Second, there’s the development of the wholly-owned Barrambie titanium and vanadium project in WA, which involves the mining and processing of some of the world’s highest-grade hard rock titanium-vanadium ore.
As it stands a decision regarding the go-ahead for this undertaking is expected to be made by mid-2021 with possible Chinese JV partner Institute of Multipurpose Utilisation of Mineral Resources Chinese Academy of Geological Sciences.
Finally, there’s the lithium refinery play, in which Neometals is co-funding the evaluation studies for the establishment of a lithium refinery to supply lithium hydroxide to the lithium battery industry with potential venture partner Manikaran Power.
Underpinning this project will be a binding life-of-mine annual off take option for 57,000 tonnes per annum of the company’s Mt Marion six per cent spodumene concentrate.
And as if all this wasn’t enough, the diversified junior has recently added another string to its portfolio bow – this time involving nickel.
While this base metal hasn’t always been associated with sustainability, this looks set to change with the expected growth in the electric vehicle market, wherein nickel sulphate be a vital feedstock.
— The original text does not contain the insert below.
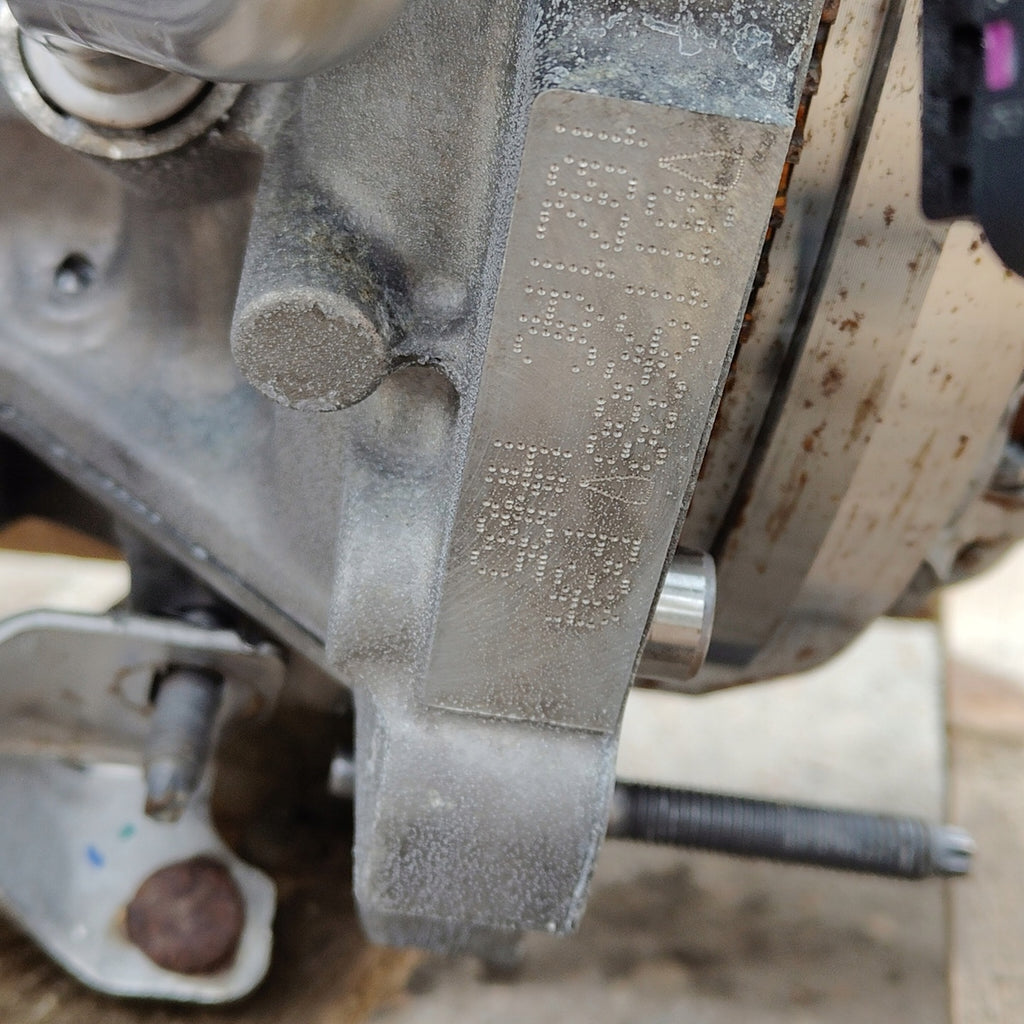 Motor Peugeot 2008 II CRD93 1.2 THP 73PS 54kW 48TKm Hybrid Engine Unkomplett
A few weeks before the recent RIU Explorers Conference in Fremantle, Neometals announced RC drilling at its wholly owned Mt Edwards brownfields nickel and lithium project in Western Australia’s Widgiemooltha Dome area – which sits some 40 kilometres south east of Kambalda and 90km south of Kalgoorlie-Boulder in WA – had returned some encouraging nickel numbers from the Armstrong deposit, with the key ones being 6 metres at 8.11 per cent (including 5m at 9.63%), 10m at 1.65 per cent (with 4m at 2.42%) and 3m at 1.07 per cent.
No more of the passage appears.